Annotating activities spanning multiple videos
In the previous section, we discussed creating frame-associated states to annotate activities within a single video. There are times where annotators want to correlate states between different video clips (i.e. different media). The current recommended method is to utilize the interpolation: attr_style_range
value (instead of latest
that we showed above). This method only applies to annotating Boolean activity states. This enables annotators to denote activities that either don’t start or end in a particular video. Project developers can then take these states and programmatically piece the activities together.
The attr_style_range
correlates with the style
field of a state’s attribute. In this tutorial, we will annotate a car is present that spans two videos. The Python command below creates the appropriate state type using tator-py
. Take note of the use of attr_style_range
and the attributes’ style
fields.
tator_api.create_state_type(project=project_id, state_type_spec={
"name": "Multi-Video Car Activity",
"description": "Used to demonstrate annotating activities spanning multiple videos",
"dtype": "state",
"interpolation": "attr_style_range",
"association": "Frame",
"visible": True,
"media_types": [video_id],
"attribute_types": [
{
"name": "CarPresent",
"default": "Car Start|Car End|Car In Video",
"dtype": "string",
"style": "range_set",
"order": -1
},
{
"name": "Car Start",
"dtype": "int",
"default": -1,
"minimum": -1,
"style": "start_frame",
"order": 0
},
{
"name": "Car End",
"dtype": "int",
"default": -1,
"minimum": -1,
"style": "end_frame",
"order": 1
},
{
"name": "Car In Video",
"dtype": "bool",
"default": False,
"style": "in_video_check",
"order": 2
}
],
})
There are four main components that are affected by the style
field:
style value | Description |
---|---|
"range_set" | This defines what attributes in the same state type are linked together. The default field denotes what attributes they are and are separated by the | character. |
"start_frame" | This defines the activity start’s frame number for the current video. Note that -1 is used as the minimum value. If this attribute's value is -1, this denotes the activity does not start in this video. |
"end_frame" | This defines the activity end’s frame number for the current video. Note that -1 is used as the minimum value. If this attribute's value is -1, this denotes the activity does not end in this video. |
"in_video_check" | This defines if the activity is present within the video. It’s possible the activity does not start or end in the video (which will result in -1 frame values for the two corresponding frame start/end attributes). This will ensure the activity is properly annotated and displays correctly in the annotator timeline. |
With this setup, the following images will depict how users will annotate the activity across multiple videos using the example state type above. To create this state, the user will right click on the video, and select the appropriate state (Multi-Video Car Activity
for this example). Note: Unlike the previous state type we covered that uses interpolation: latest
, this type of activity can only be interacted with the entity browser and not a separate frame panel.
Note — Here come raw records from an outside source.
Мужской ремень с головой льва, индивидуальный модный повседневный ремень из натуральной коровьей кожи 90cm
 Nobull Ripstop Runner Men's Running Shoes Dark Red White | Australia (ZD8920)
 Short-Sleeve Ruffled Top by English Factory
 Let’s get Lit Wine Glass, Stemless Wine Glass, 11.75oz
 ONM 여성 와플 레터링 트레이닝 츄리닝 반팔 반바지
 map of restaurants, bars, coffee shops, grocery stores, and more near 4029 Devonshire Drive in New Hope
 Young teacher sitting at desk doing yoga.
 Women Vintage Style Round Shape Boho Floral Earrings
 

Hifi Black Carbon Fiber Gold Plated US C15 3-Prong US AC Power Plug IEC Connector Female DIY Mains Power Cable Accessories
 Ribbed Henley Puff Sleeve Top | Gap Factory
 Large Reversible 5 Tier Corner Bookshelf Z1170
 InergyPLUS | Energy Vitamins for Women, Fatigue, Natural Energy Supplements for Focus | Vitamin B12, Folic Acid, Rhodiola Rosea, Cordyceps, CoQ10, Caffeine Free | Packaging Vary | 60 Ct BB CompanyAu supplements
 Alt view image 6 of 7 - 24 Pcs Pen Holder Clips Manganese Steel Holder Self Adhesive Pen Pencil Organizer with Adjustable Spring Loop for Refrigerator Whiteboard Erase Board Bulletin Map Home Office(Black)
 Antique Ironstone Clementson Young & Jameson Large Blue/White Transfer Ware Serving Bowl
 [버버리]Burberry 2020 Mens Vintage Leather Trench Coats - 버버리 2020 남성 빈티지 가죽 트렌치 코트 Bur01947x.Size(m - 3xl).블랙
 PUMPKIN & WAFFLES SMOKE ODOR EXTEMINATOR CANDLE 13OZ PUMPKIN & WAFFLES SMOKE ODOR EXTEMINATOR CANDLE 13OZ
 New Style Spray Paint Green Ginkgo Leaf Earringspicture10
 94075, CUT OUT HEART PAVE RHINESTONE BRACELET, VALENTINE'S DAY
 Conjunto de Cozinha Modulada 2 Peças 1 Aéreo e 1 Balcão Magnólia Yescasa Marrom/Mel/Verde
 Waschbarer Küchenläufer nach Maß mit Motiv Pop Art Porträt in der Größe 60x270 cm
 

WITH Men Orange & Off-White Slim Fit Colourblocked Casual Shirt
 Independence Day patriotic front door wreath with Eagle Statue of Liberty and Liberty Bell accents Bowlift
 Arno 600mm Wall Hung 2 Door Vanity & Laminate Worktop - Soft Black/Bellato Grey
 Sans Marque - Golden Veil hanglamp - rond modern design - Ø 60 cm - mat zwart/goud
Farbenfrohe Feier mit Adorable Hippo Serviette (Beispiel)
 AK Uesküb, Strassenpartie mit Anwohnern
Next, the user will input the appropriate start and end frame activity information. In this example, the activity starts in this video but will end in the next video. The activity can be updated using the entity browser and the activity status will be reflected in the timeline.
In the next video, the user will create a new state again but input the activity as starting in a previous video but ends in this video on frame 150.
If the activity is present in the video but the start and end occurs in other videos, the start and end frames can be set to -1
along with the in_video_check
set to true
. The timeline will reflect the presence of the activity.